(Pictures with short captions)
——

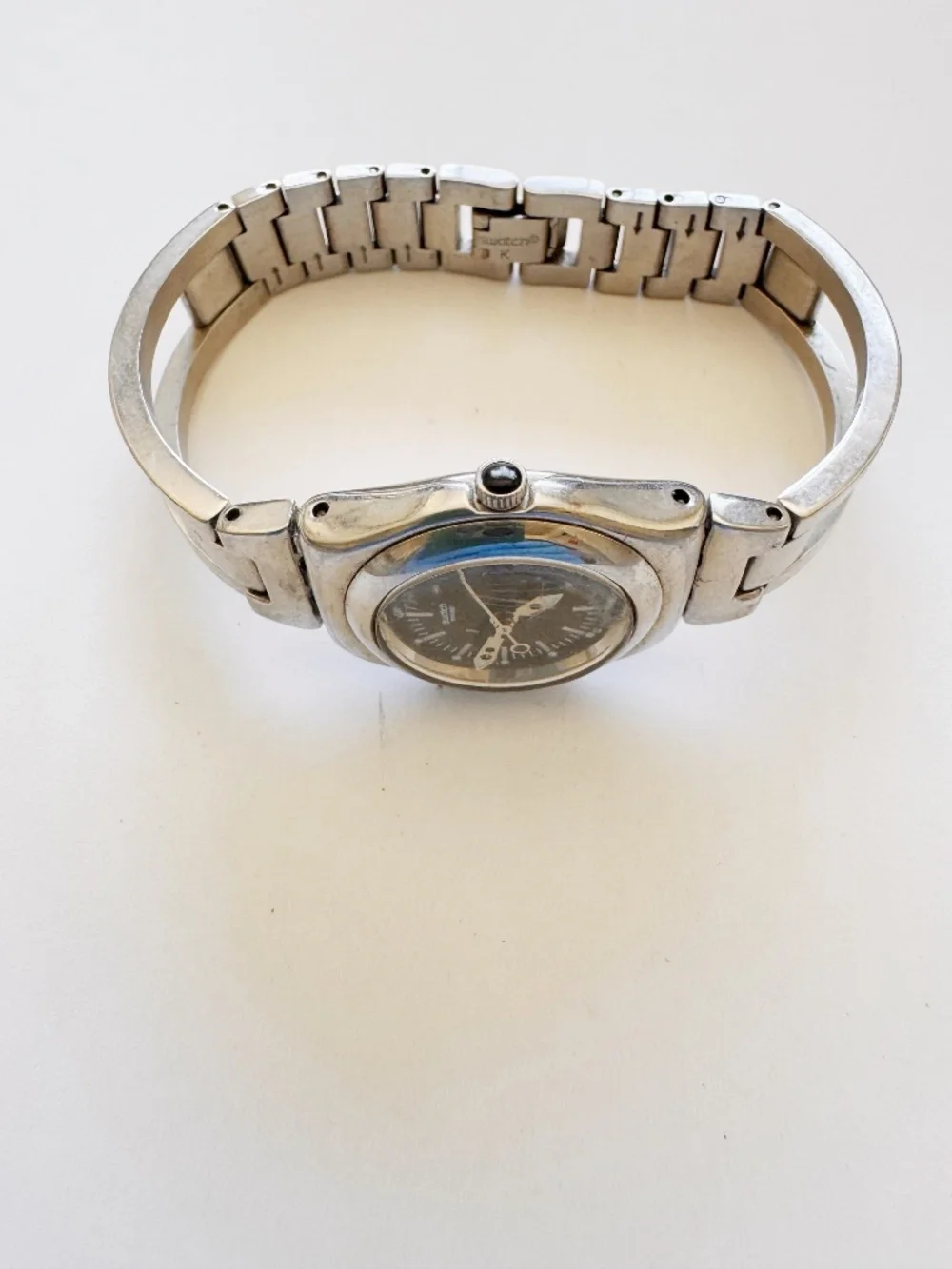 Swatch Irony Watch Women’s Stainless Steel Black Dial 25mm Swiss Made Runs
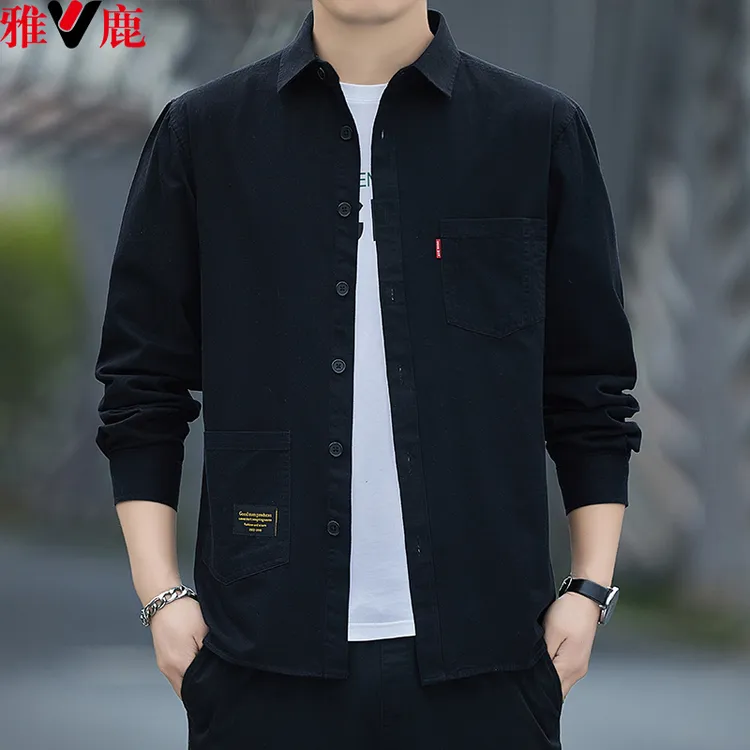 V/雅鹿春秋全棉男士长袖工装衬衫免烫抗皱宽松百搭纯色青年外套衫
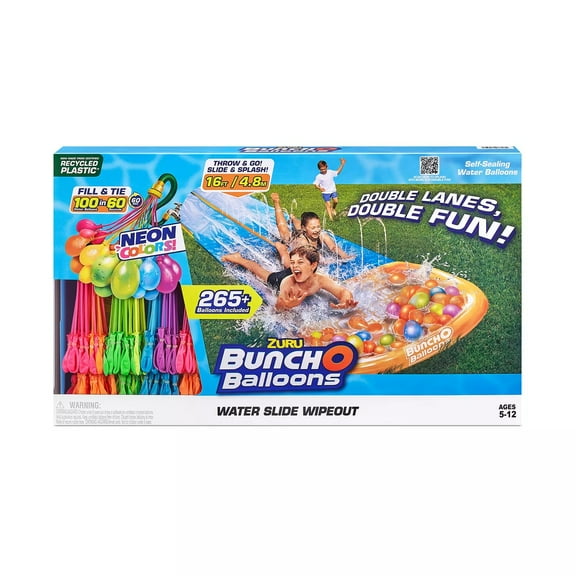 Bunch O Balloons Double Lane Waterslide Wipeout Slip & Slide, 265 Water Balloons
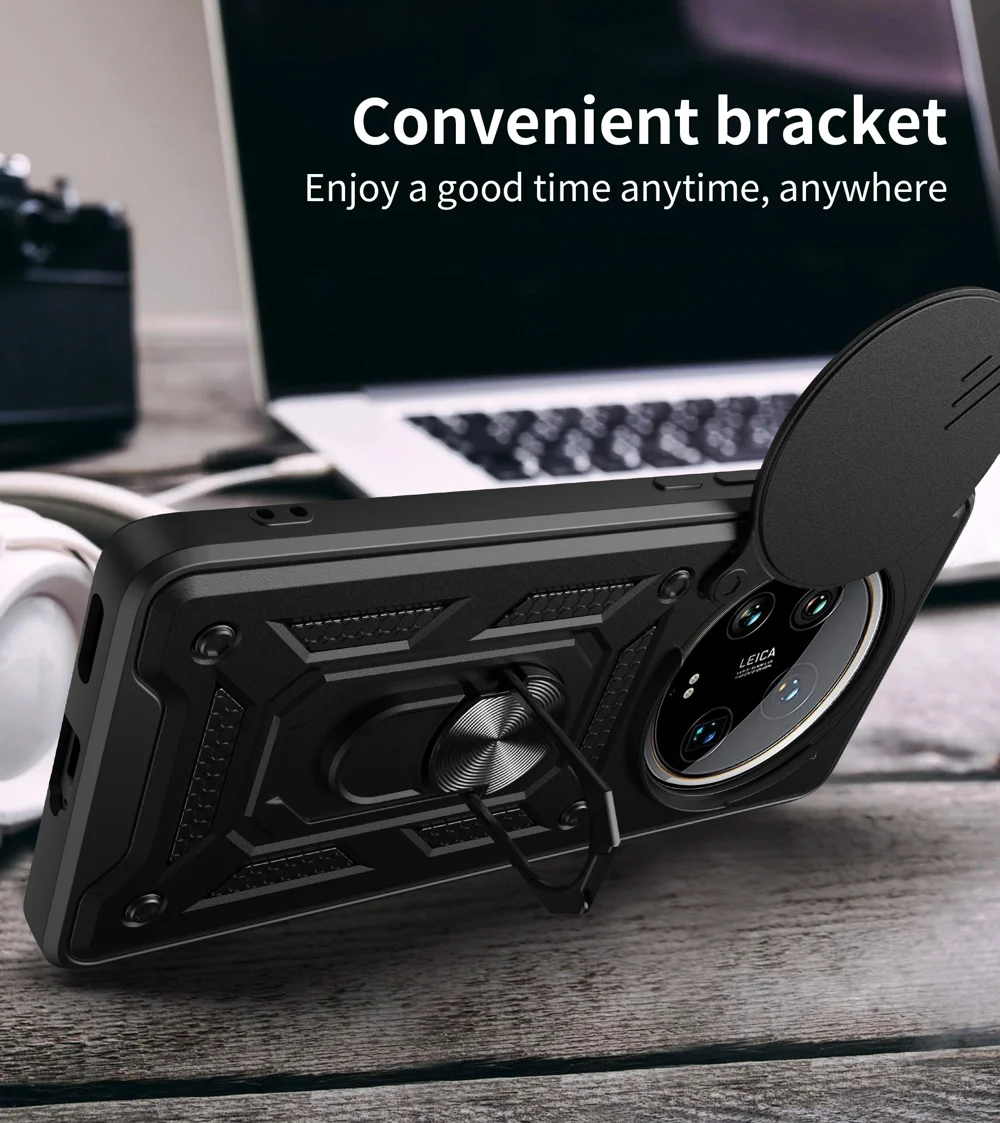 For Xiaomi 14 Ultra Phone Cover Camera Protection Bump Proof PC+TPU Back Case - Black-Cellmalls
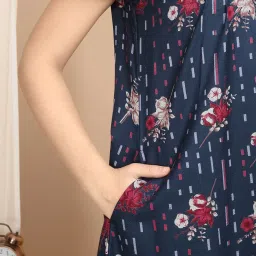 Sweet Dreams Blue Cotton Print Short sleeve Night Dress image 4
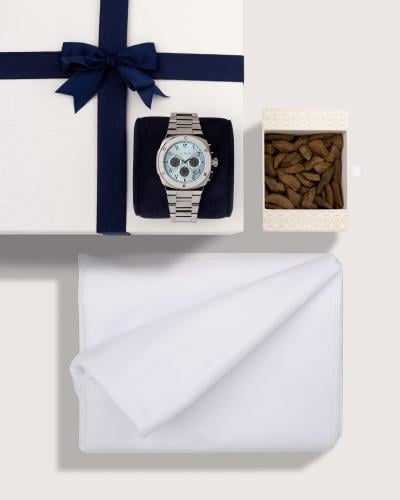 هدية رجالي ساعة ستيل وبخور وقماش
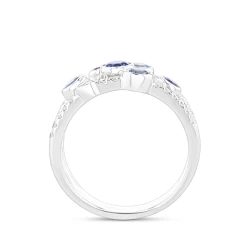 18ct White Gold 0.88ct Sapphire and Diamond Bubble Ring upright profile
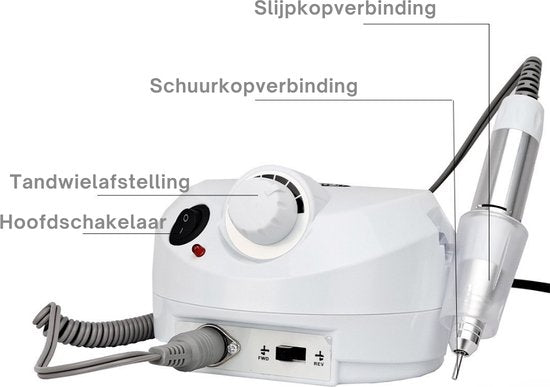 Livista® Nagelfreesmachine - Multifunctionele Elektrische Nagelfrees - 35.000 RPM Professionele Polijst en Verwijderingsmachine - Hoge Kwaliteit - Geschikt voor Handen/Voeten - Voetpedaalbediening - Wit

——

● **Assigned task**
Return every line above verbatim, pictures excluded.

● **Answer space**
 Swatch Irony Watch Women’s Stainless Steel Black Dial 25mm Swiss Made Runs
 V/雅鹿春秋全棉男士长袖工装衬衫免烫抗皱宽松百搭纯色青年外套衫
 Bunch O Balloons Double Lane Waterslide Wipeout Slip & Slide, 265 Water Balloons
 For Xiaomi 14 Ultra Phone Cover Camera Protection Bump Proof PC+TPU Back Case - Black-Cellmalls
 Sweet Dreams Blue Cotton Print Short sleeve Night Dress image 4
 هدية رجالي ساعة ستيل وبخور وقماش
 18ct White Gold 0.88ct Sapphire and Diamond Bubble Ring upright profile
 Livista® Nagelfreesmachine - Multifunctionele Elektrische Nagelfrees - 35.000 RPM Professionele Polijst en Verwijderingsmachine - Hoge Kwaliteit - Geschikt voor Handen/Voeten - Voetpedaalbediening - Wit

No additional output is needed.